Com 90% da produção de combustível sustentável de aviação (SAF) já comercializada antecipadamente, a Acelen Renováveis firmou parceria com a startup europeia Finboot. Essa empresa, que já atende grandes grupos como Repsol, Sabic e Evonik, será responsável pela certificação digital de toda a cadeia produtiva da macaúba cultivada no Recôncavo Baiano. O objetivo é garantir a habilitação do produto nos mercados regulados da Europa e dos Estados Unidos.
A tecnologia adotada, chamada MARCO Track & Trace, utiliza blockchain e tokenização para garantir a auditabilidade desde o plantio nas fazendas até a entrega final do biocombustível. A parceria tem duração inicial de 12 meses e envolve a modelagem das fases da cadeia produtiva, com foco na elegibilidade da terra, produção agrícola, cálculo de emissões e critérios de sustentabilidade. Os dados gerados serão armazenados por até 50 anos conforme exigências internacionais, com atualizações mensais para permitir a avaliação independente de cada lote produzido.
Segundo Pedro Estrela, vice-presidente de novos negócios da Acelen Renováveis, não basta ser sustentável, é imprescindível ser certificado. Ele ressalta que todas as etapas, desde o plantio até a produção do biocombustível, devem ser rastreadas e comprovadas de forma auditável, incluindo monitoramento das emissões e verificação da elegibilidade da terra para garantir o acesso aos mercados regulados. A escolha pela Finboot se deu após processo seletivo que avaliou 30 empresas e selecionou 10 para prova de competência, garantindo uma gestão eficiente da rastreabilidade digital.

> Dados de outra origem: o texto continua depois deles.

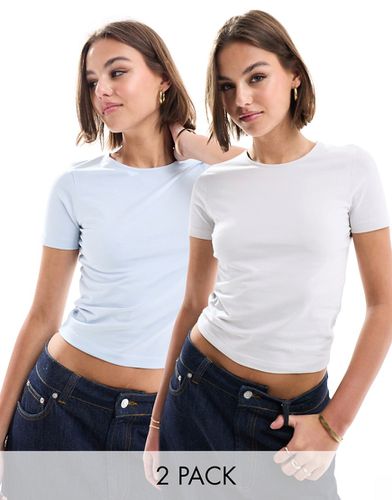 Lot de 2 t-shirts crop top ajustés - Gris et bleu - Asos Design - Modalova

Para acessar o mercado europeu que desde 2025 exige a utilização mínima de 2% de SAF no total de combustível, a rastreabilidade se tornou essencial. No Brasil, espera-se que em 2027 seja implementado um mandato nacional semelhante ao CORSIA, apoiado por programas como o ProBioQAV, que definem critérios rigorosos de certificação e rastreabilidade alinhados a padrões internacionais.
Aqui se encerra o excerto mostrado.